The multitude of screening possibilities and hit validation and hit elaboration strategies make FBDD ideal for collaborative projects. This is exemplified by the industry–industry partnering and industry–academia collaborations that led to the discovery of two of the four FBDD-derived drugs that are currently on the market. NICR and Monash University played vital roles in the discovery of erdafitinib and pexidartinib, respectively.
The fact that fragment libraries require less establishment and curation effort makes the method particularly interesting to smaller companies and academic institutions. Nowadays, there are a variety of commercially available fragment libraries, catering to every taste of screening method—from fluorinated libraries (https://enamine.net/fragments/fragment-collection/fluorinated-fragments) for fast and efficient 19F LO-NMR screening to ultrasoluble mini-fragments (Enamine and Astex are commercializing the Astex MiniFrag 90 library) aimed at the crystallography community.

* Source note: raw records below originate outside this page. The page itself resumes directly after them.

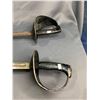 Image 2 : 2 CUTLAS SWORDS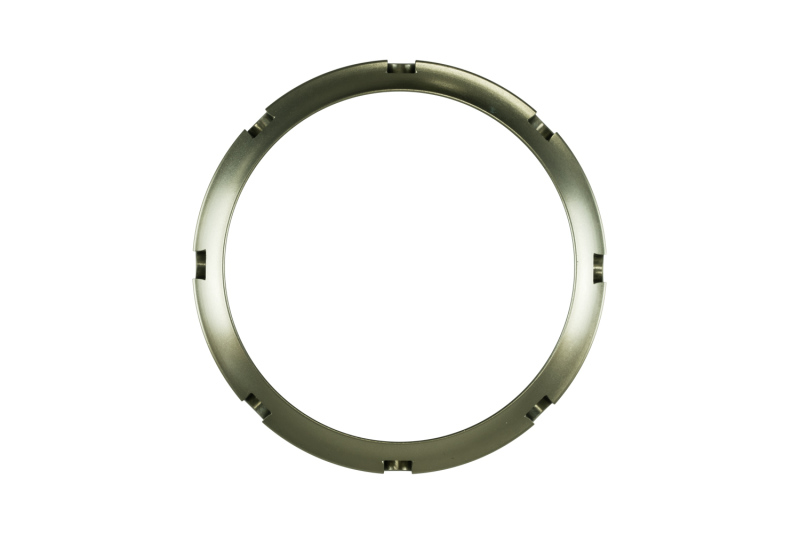 Turbosmart BOV PowerPort Collar - Platinum thumbnail 3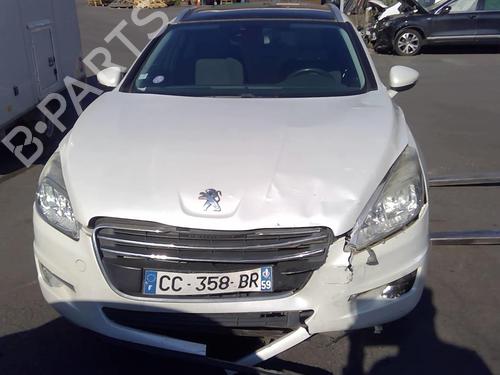 Left front window switch PEUGEOT 508 SW I (8E_) 1.6 VTi | BP35902529I27  - Image 14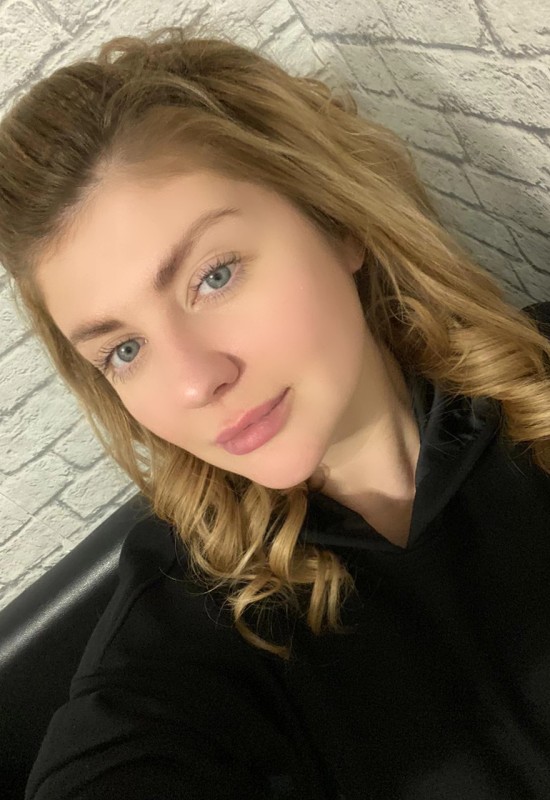 Tatiana • 40 • Russia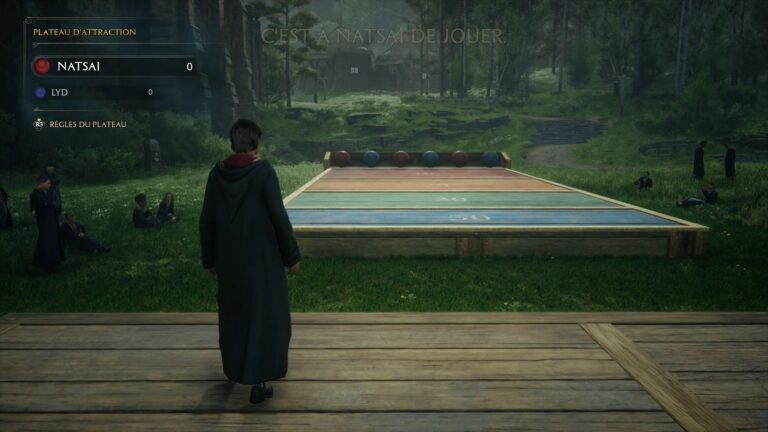 Quêtes principales Hogwarts Legacy : Soluce complète [FR]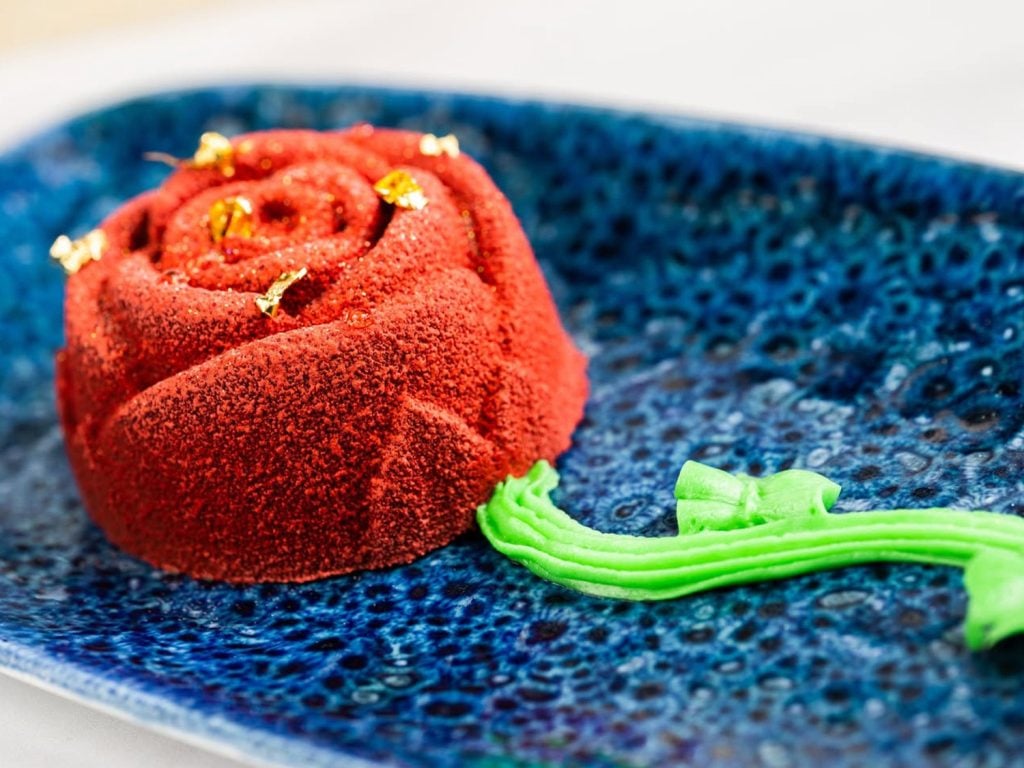 NEW Dishes Coming to Be Our Guest Restaurant at Magic Kingdom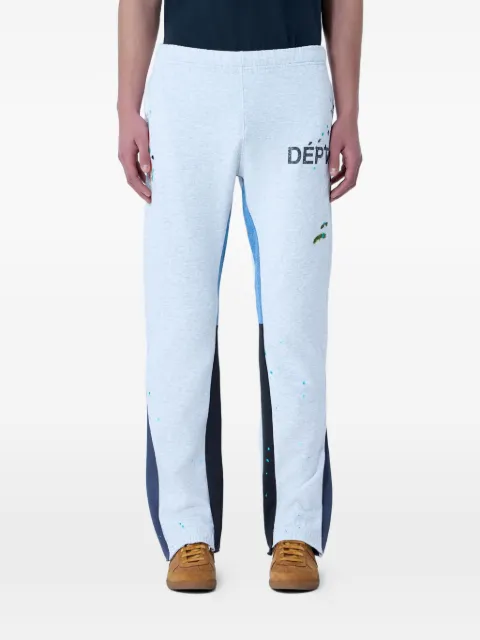 GALLERY DEPT. panelled track pants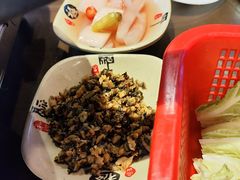 -富正毅三下锅·湘西韵味(天门山索道店)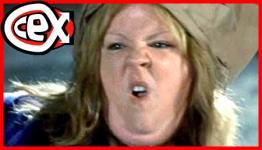 CeX Review- Tammy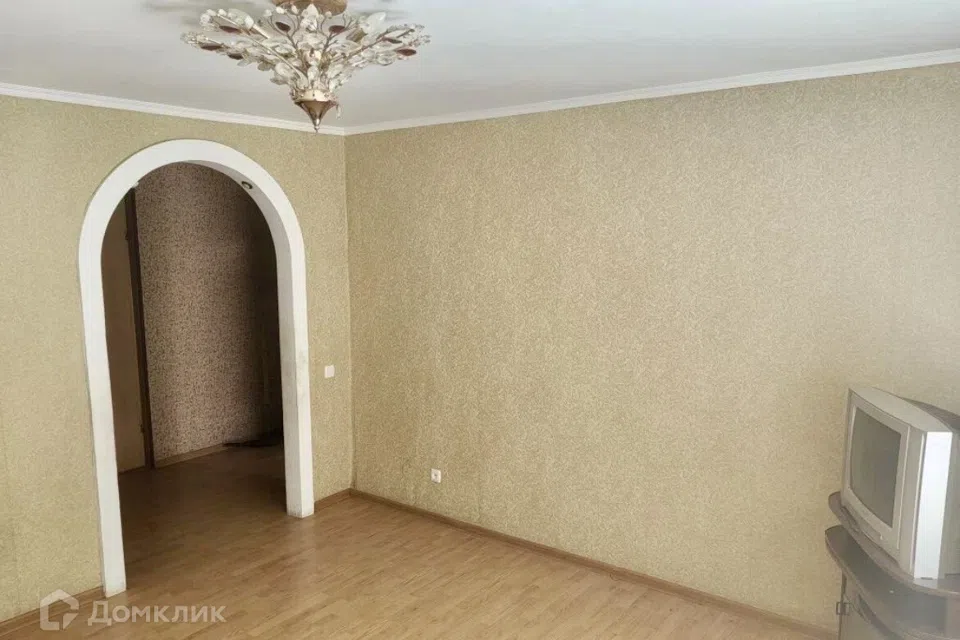Продаётся 2-комнатная квартира, 49.1 м²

If anything, this is expected to further popularize the FBDD method in the coming years.
Footnotes
Acknowledgements
We would like to thank Marc O’Reilly, Chris Murray, and David Rees for helpful comments during the writing of this manuscript.
Declaration of Conflicting Interests
The authors declared the following potential conflicts of interest with respect to the research, authorship, and/or publication of this article: All authors are employed by Astex Therapeutics Limited and their research and authorship of this article was completed within the scope of their employment with Astex Therapeutics Limited.
Funding
The authors received no financial support for the research, authorship, and/or publication of this article.
*
Except for the STD experiment, where the difference is formed by subtracting two STD experiments that have been irradiated at very different frequencies, and the buffer control is, strictly speaking, not necessary to form the difference spectrum.